> WHAT TO DO:
As you print the data below, keep every line exactly as it is and leave the images behind.

Web page caption snippets
_____

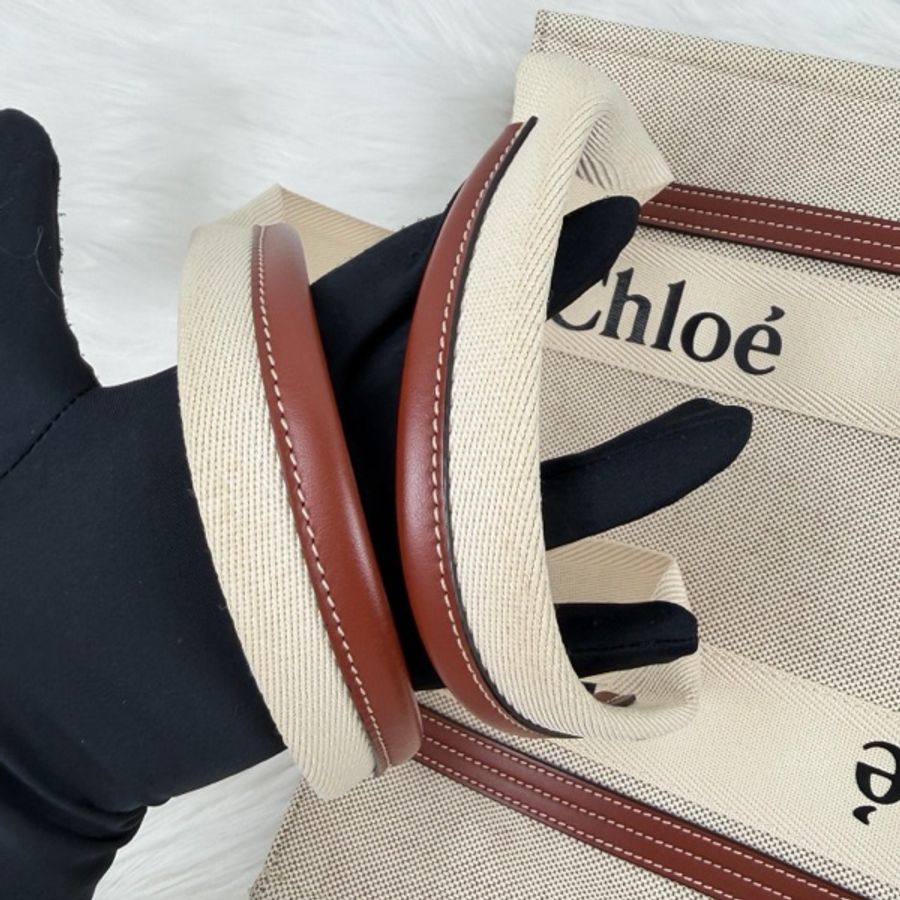Chloé 克洛伊 Woody中號托特包 米白亞麻帆布/棕色皮革 手提單肩包 尺寸:37-12-26-10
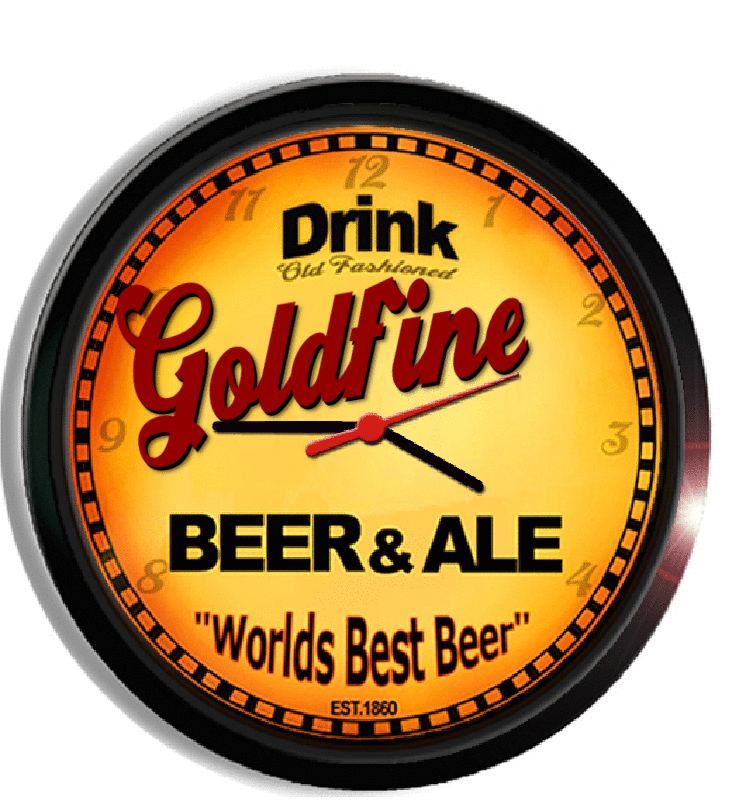 Personalized goldfine beer clock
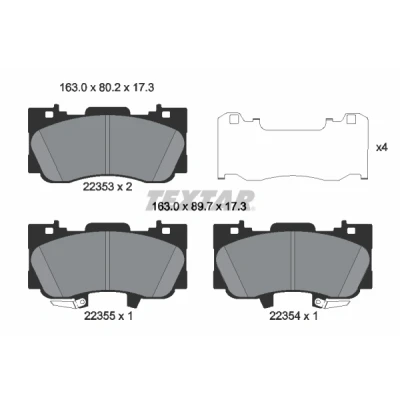 Immagine di TEXTAR 2235301 Kit pastiglie freno con segnalatore acustico usura accessori FORD USA: Mustang Mk6 Coupe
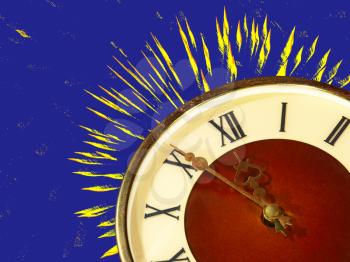 Eve of new year.Dial of hours taken closeup and yellow fireworks on blue background.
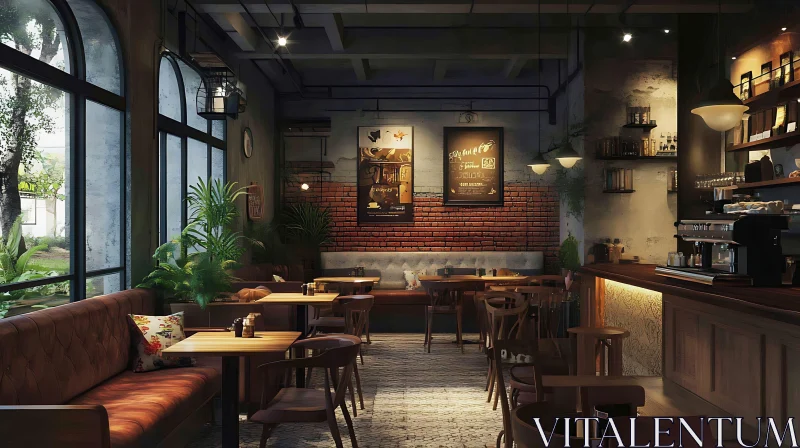 Rustic Coffee Shop Ambiance AI Image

_____

> SOLVED PROBLEM:
Chloé 克洛伊 Woody中號托特包 米白亞麻帆布/棕色皮革 手提單肩包 尺寸:37-12-26-10
 Personalized goldfine beer clock
 Immagine di TEXTAR 2235301 Kit pastiglie freno con segnalatore acustico usura accessori FORD USA: Mustang Mk6 Coupe
 Eve of new year.Dial of hours taken closeup and yellow fireworks on blue background.
 Rustic Coffee Shop Ambiance AI Image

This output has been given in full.